Russia to be main organizer of planned meeting of Azerbaijani, Armenian presidents
- 17 July 2017
Russia will be the main organizer of a meeting of Azerbaijani President Ilham Aliyev with his Armenian counterpart Serzh Sargsyan, which is planned to be held by the end of this year, a source in the Russian Foreign Ministry told Izvestia newspaper, APA reported.
“Moscow will be the main mediator in this matter, as the attempts of the other OSCE Minsk Group co-chairs – the US and France – to resume the talks between Baku and Moscow failed,” said the source.
France’s attempts to bring the Azerbaijani and Armenian leaders to the negotiating table also failed, according to the source.

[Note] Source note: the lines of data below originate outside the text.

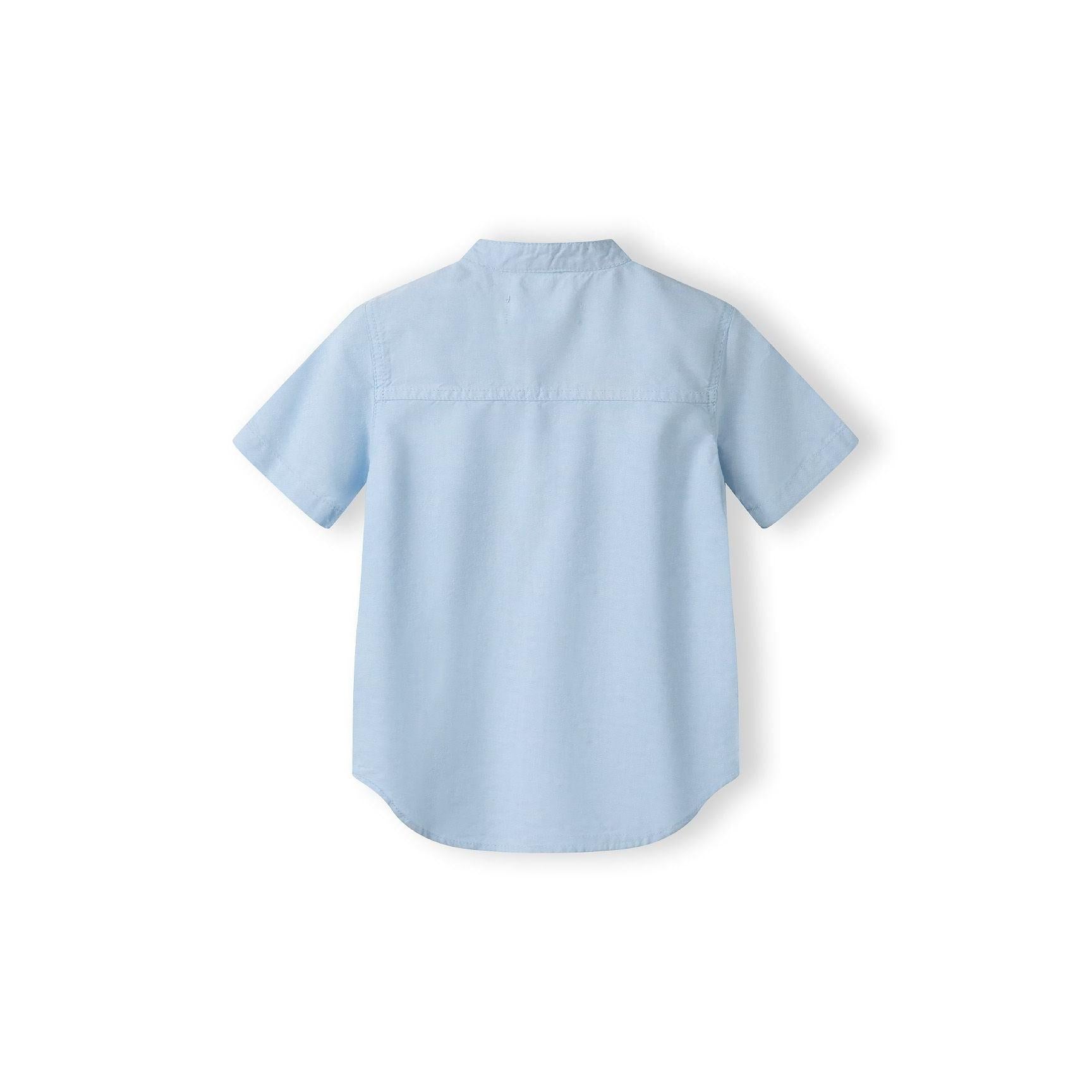 Back view of light blue grandad collar shirt showing collar detail and curved hem against white background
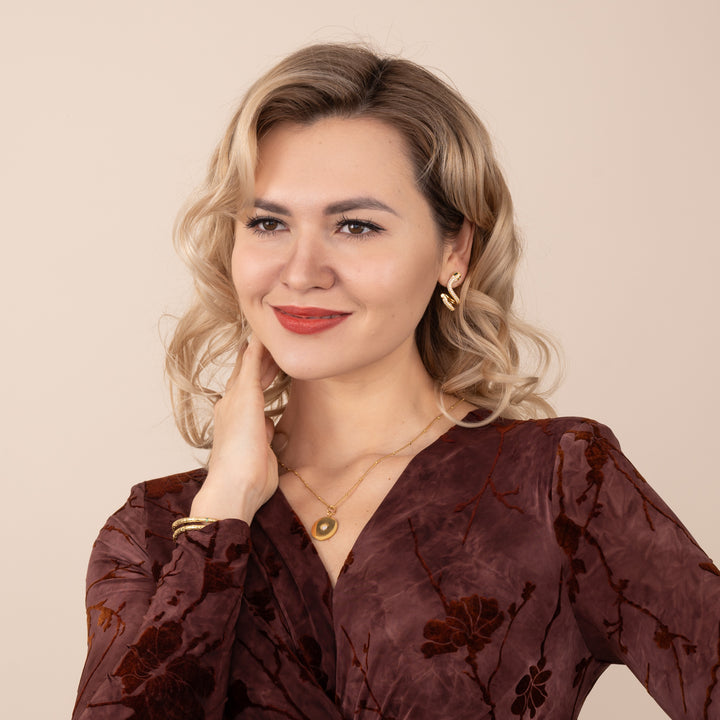 Woman wearing engraved necklace, necklaces with a message, jewelry website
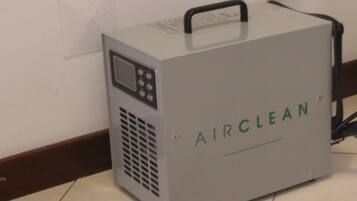 A portable air cleaner labeled "AIRCLEAN" with a control panel and a handle on top.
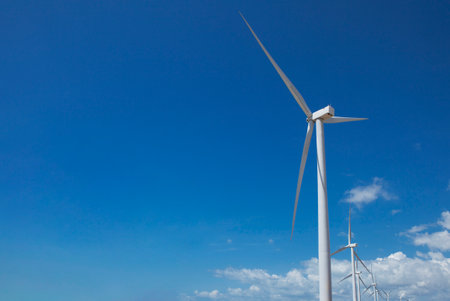 wind turbines farm, wind power generation equipment, clean energy concept, renewable energyの写真素材
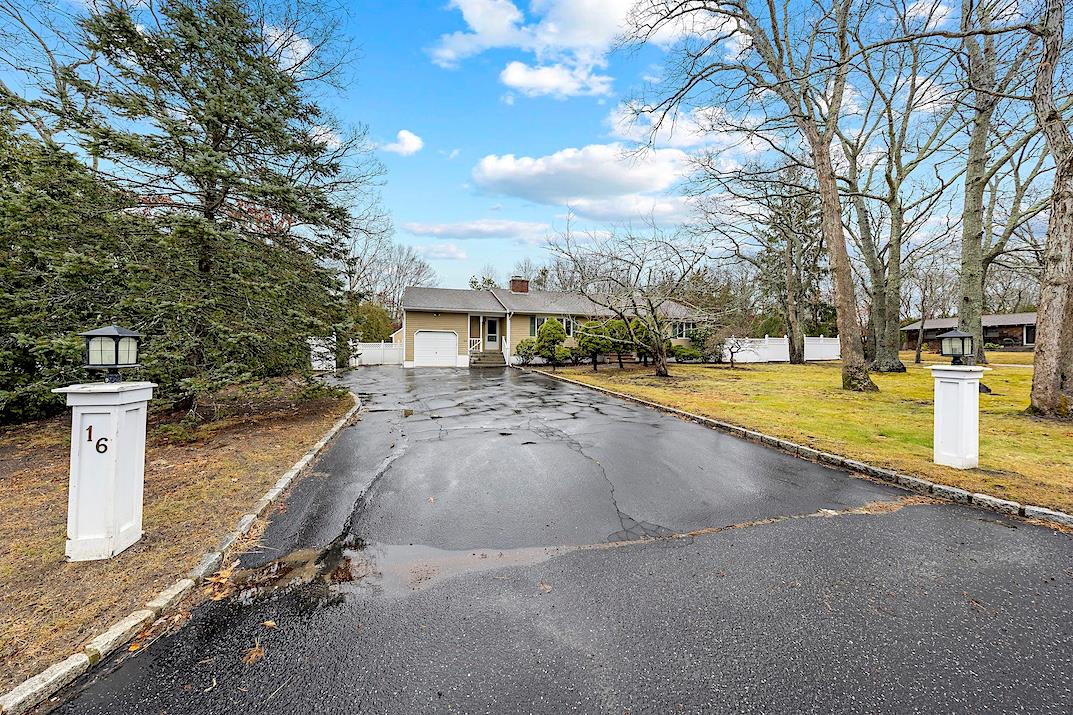 View of front of home featuring a front lawn and a garage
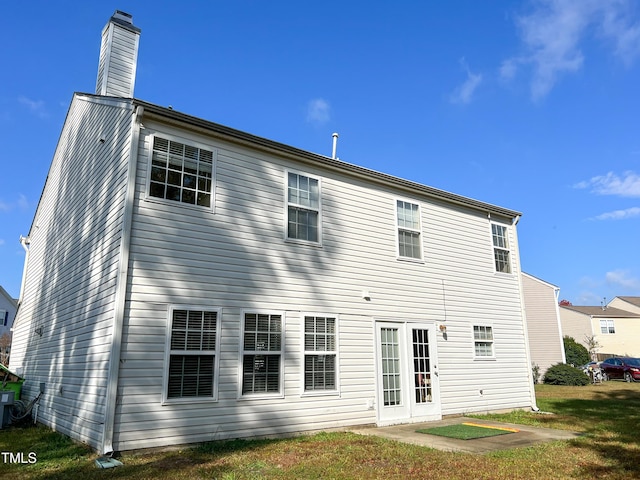 rear view of house with a lawn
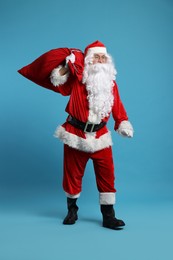 Photo of Santa Claus with bag of Christmas gifts posing on light blue background
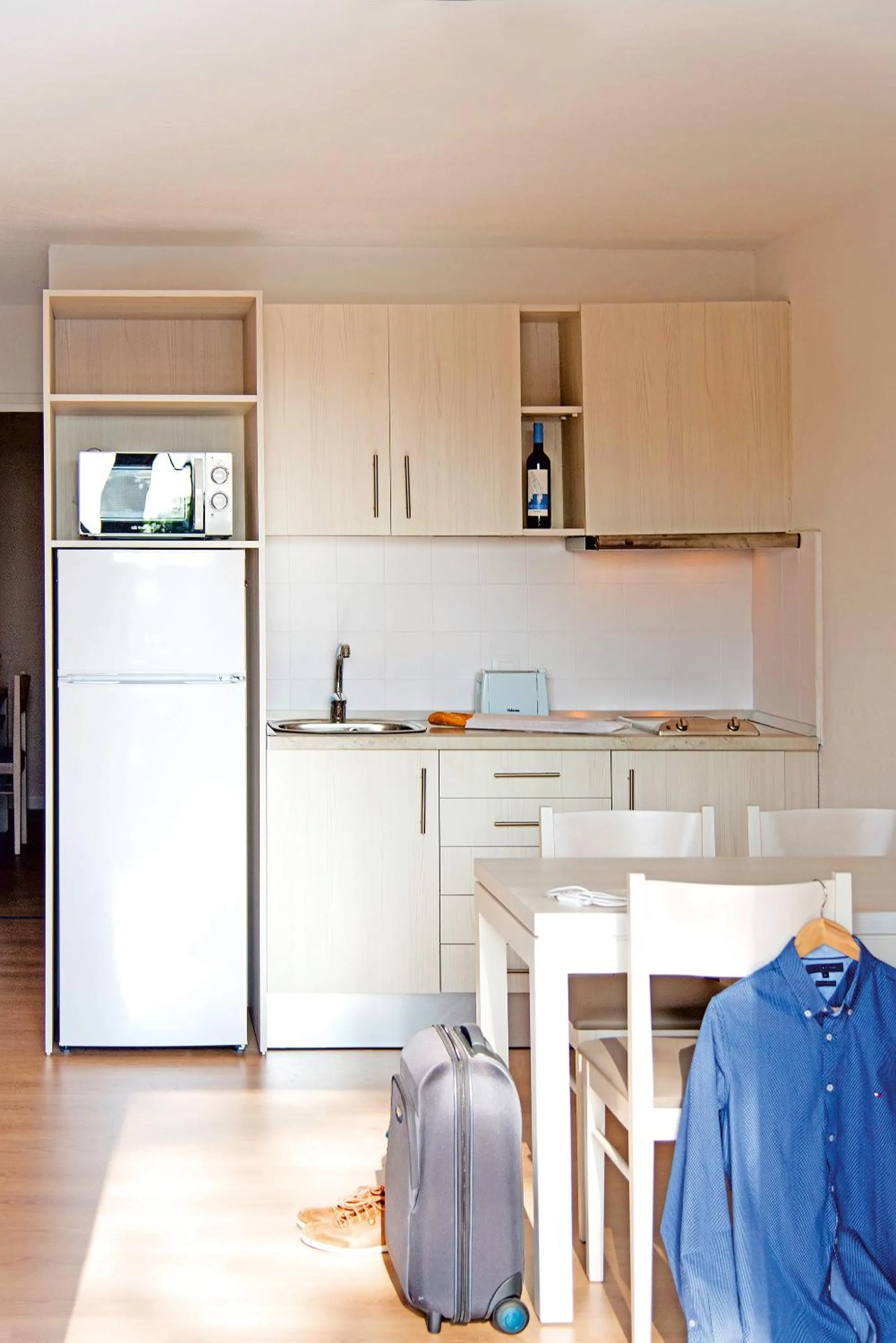 Kitchen or kitchenette in Apartamentos Cala Blanca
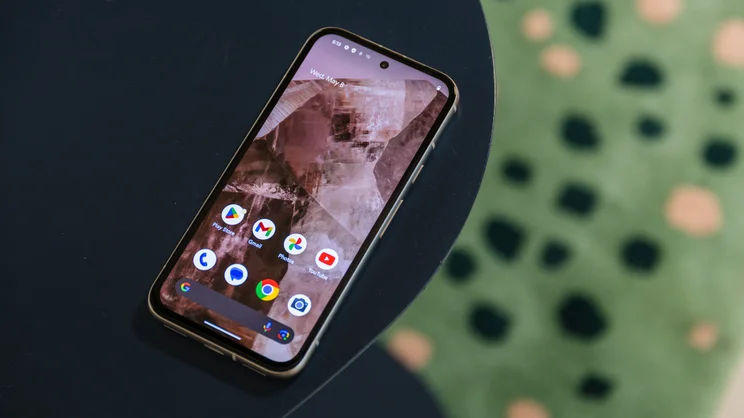 google pixel 8a review phone shown on desk with homescreen on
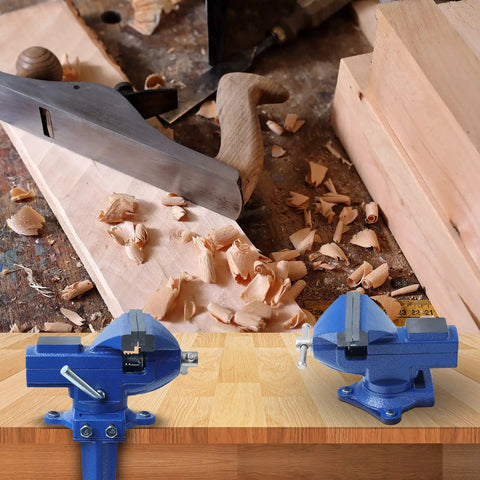 Heavy Duty Table Vise With Swivel Base For Woodworking And Metalworking, shown on a workbench with wood shavings and tools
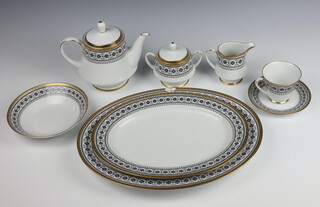 A Noritake Scheherazade no.2044 tea and dinner service comprising 8 tea cups (1 a/f), 8 saucers, 2 milk jugs, a tea pot, sugar bowl and lid, 12 small plates, 9 side plates (1 a/f), 10 dinner plates (1 a/f), 9 soup bowls, 14 dessert bowls, 2 meat plates (1 a/f), 2 vegetable dishes 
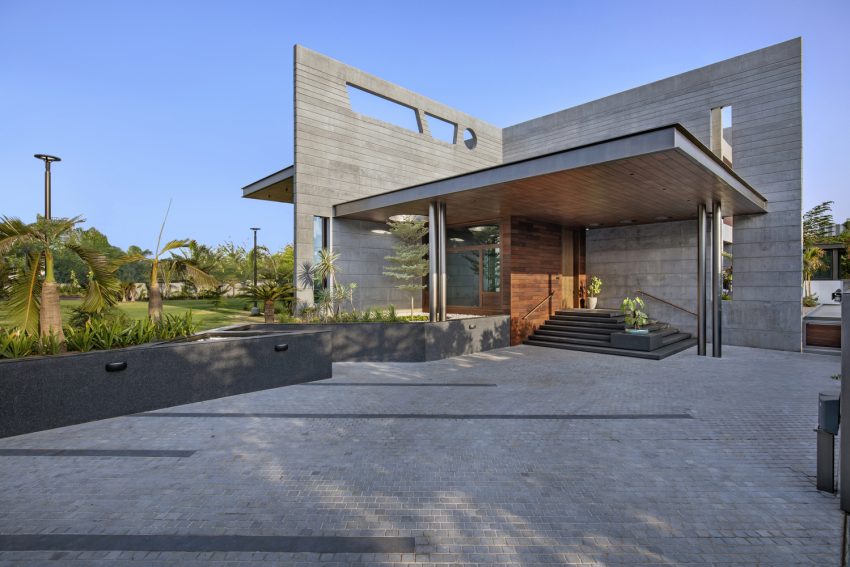 A Stunning House of Folded Concrete and Wooden Louvers in Vadodara, India by Dipen Gada and Associates (1)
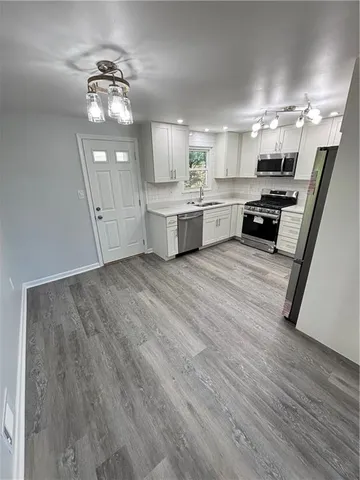 a large white kitchen with cabinets a sink and appliances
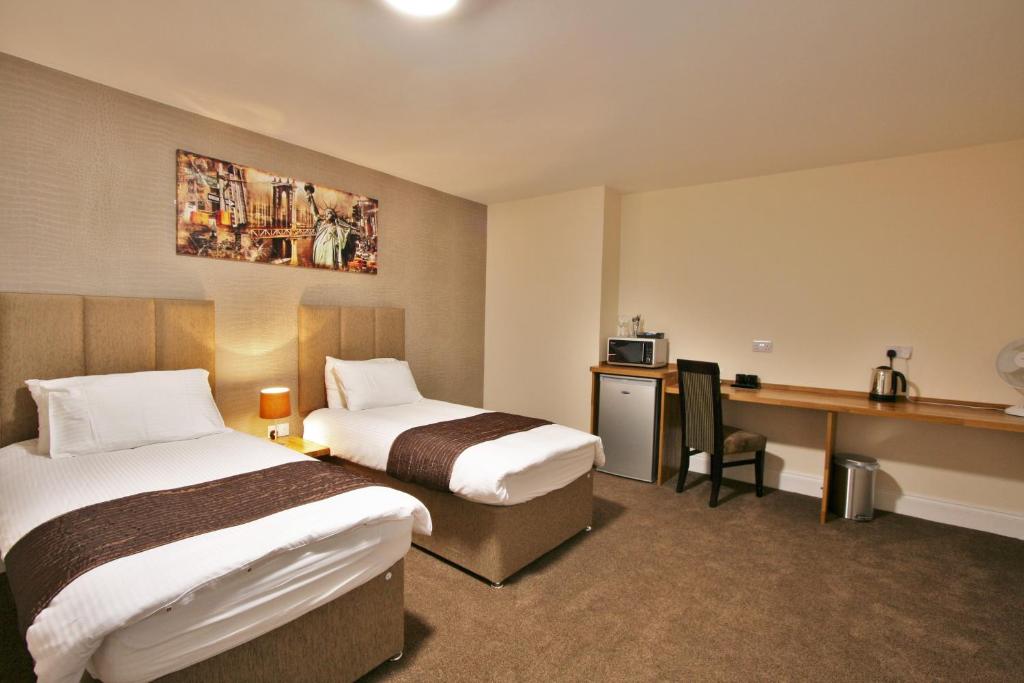 a hotel room with two beds and a desk at New County Hotel & Serviced Apartments by RoomsBooked in Gloucester
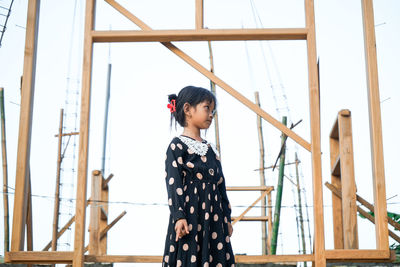 A little asian girl is angry in front of a house building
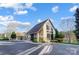 Community clubhouse featuring stone accents and ample parking at 2315 Smith Harbour Dr, Denver, NC 28037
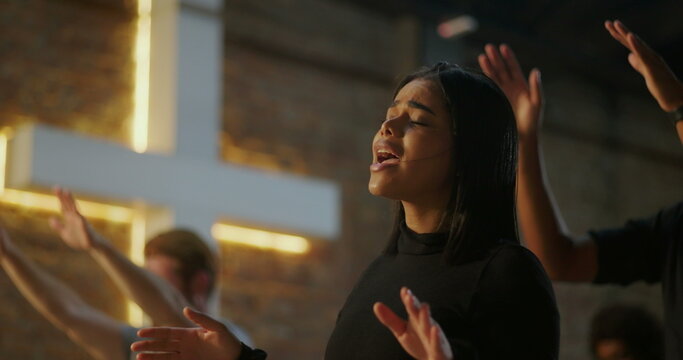Focused woman with raised hands in prayer, deep spiritual connection, Christian faith, worship gathering, illuminated cross in background, unity in worship, religious devotion
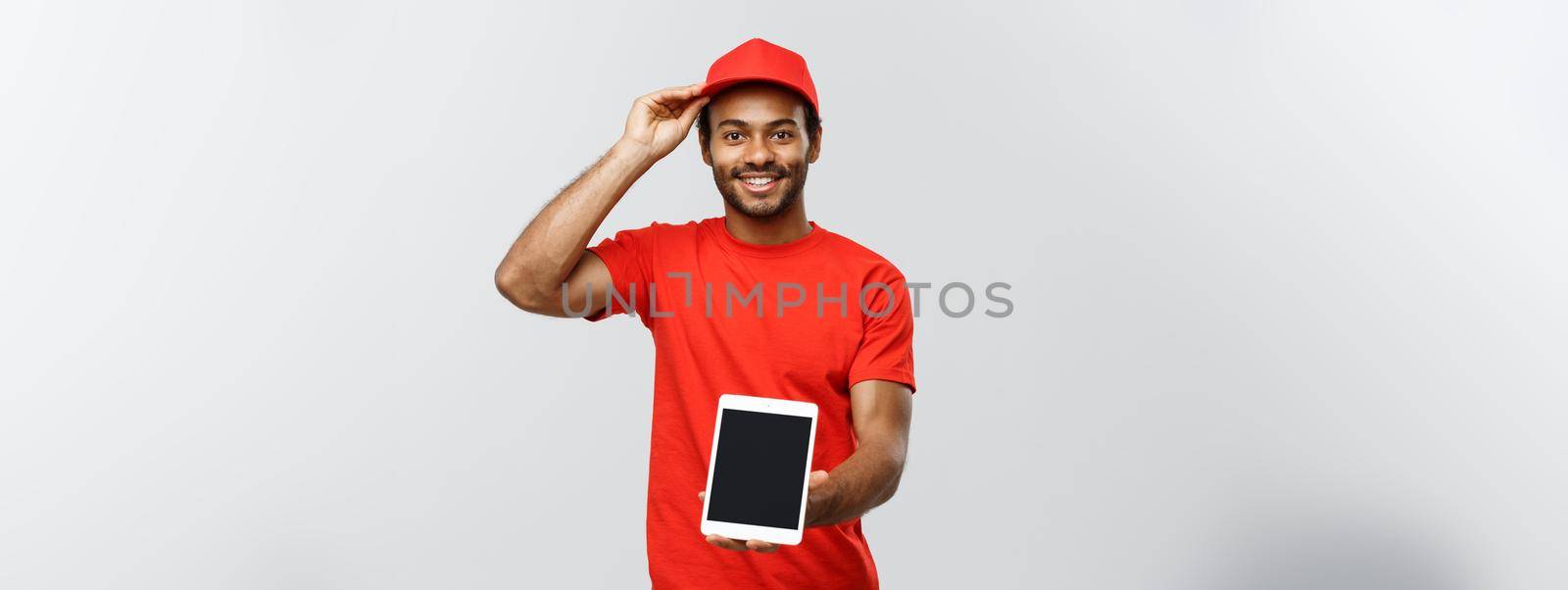 Delivery Concept - Portrait of Handsome African American delivery man or courier showing tablet on you to check the order. Isolated on Grey studio Background. Copy Space. by Benzoix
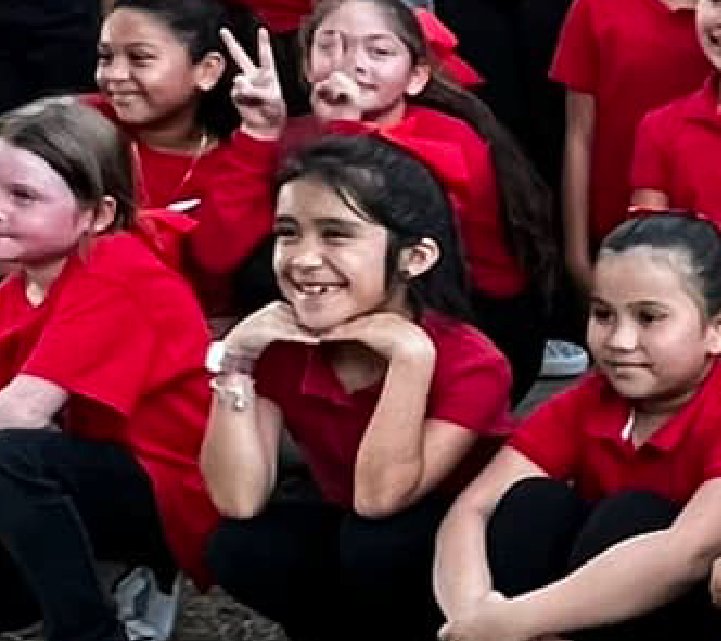 A group of young children wearing red shirts are gathered together, smiling and making gestures, against a dark background.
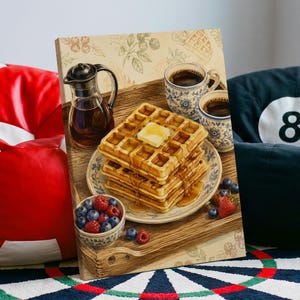 May include: A rectangular canvas print featuring a stack of golden brown waffles topped with a square of melting butter and syrup on a patterned plate. Beside the plate are two mugs of coffee, a glass syrup pitcher, and a small bowl of berries.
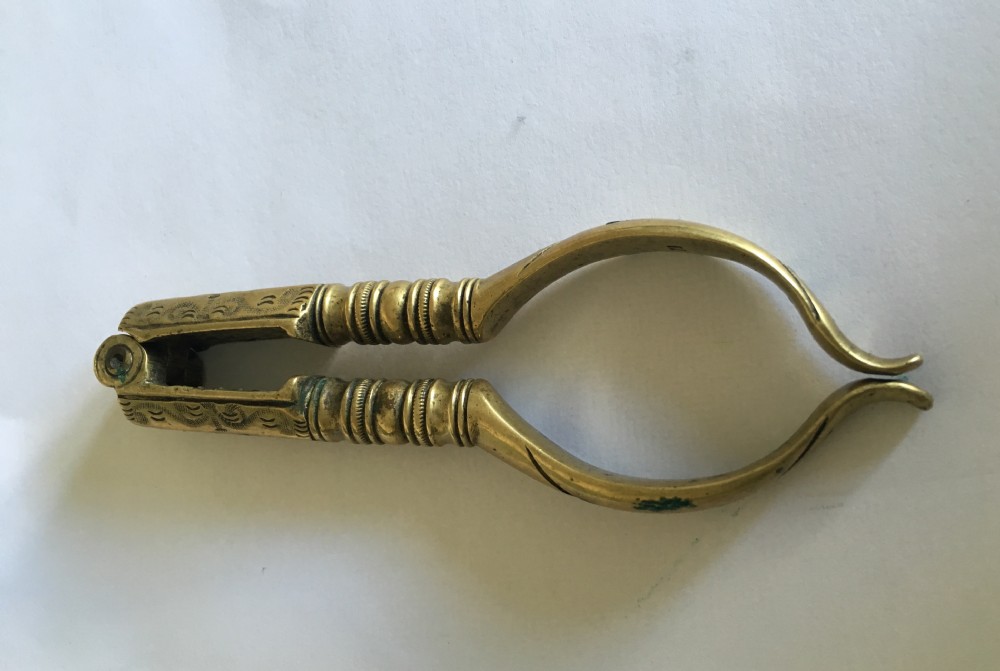 A George III brass lever-action nutcracker, with maker's stamp for Thomas Bingham of Birmingham
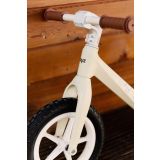 Bicicleta de equilibrio Inter con diseño pastel, altura ajustable, ruedas grandes y sillín de eco-cuero. Ideal para niños de 3 a 6 años.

“Meanwhile, the maintenance of dialogue is of fundamental importance. Due to this, a full-scale war did not break out in the region. However, the goals and visions of the sides are still different,” the source told Izvestia newspaper.
The Nagorno-Karabakh conflict entered its modern phase when the Armenian SRR made territorial claims against the Azerbaijani SSR in 1988.
A fierce war broke out between Azerbaijan and Armenia over the Nagorno-Karabakh region of Azerbaijan. As a result of the war, Armenian armed forces occupied some 20 percent of Azerbaijani territory which includes Nagorno-Karabakh and seven adjacent districts (Lachin, Kalbajar, Aghdam, Fuzuli, Jabrayil, Gubadli and Zangilan), and over a million Azerbaijanis became refugees and internally displaced people.
The military operations finally came to an end when Azerbaijan and Armenia signed a ceasefire agreement in Bishkek in 1994.
Dealing with the settlement of the Nagorno-Karabakh conflict is the OSCE Minsk Group, which was created after the meeting of the CSCE (OSCE after the Budapest summit held in December 1994) Ministerial Council in Helsinki on 24 March 1992. The Group’s members include Azerbaijan, Armenia, Russia, the United States, France, Italy, Germany, Turkey, Belarus, Finland and Sweden.
Besides, the OSCE Minsk Group has a co-chairmanship institution, comprised of Russian, the US and French co-chairs, which began operating in 1996.
Resolutions 822, 853, 874 and 884 of the UN Security Council, which were passed in short intervals in 1993, and other resolutions adopted by the UN General Assembly, PACE, OSCE, OIC, and other organizations require Armenia to unconditionally withdraw its troops from Nagorno-Karabakh.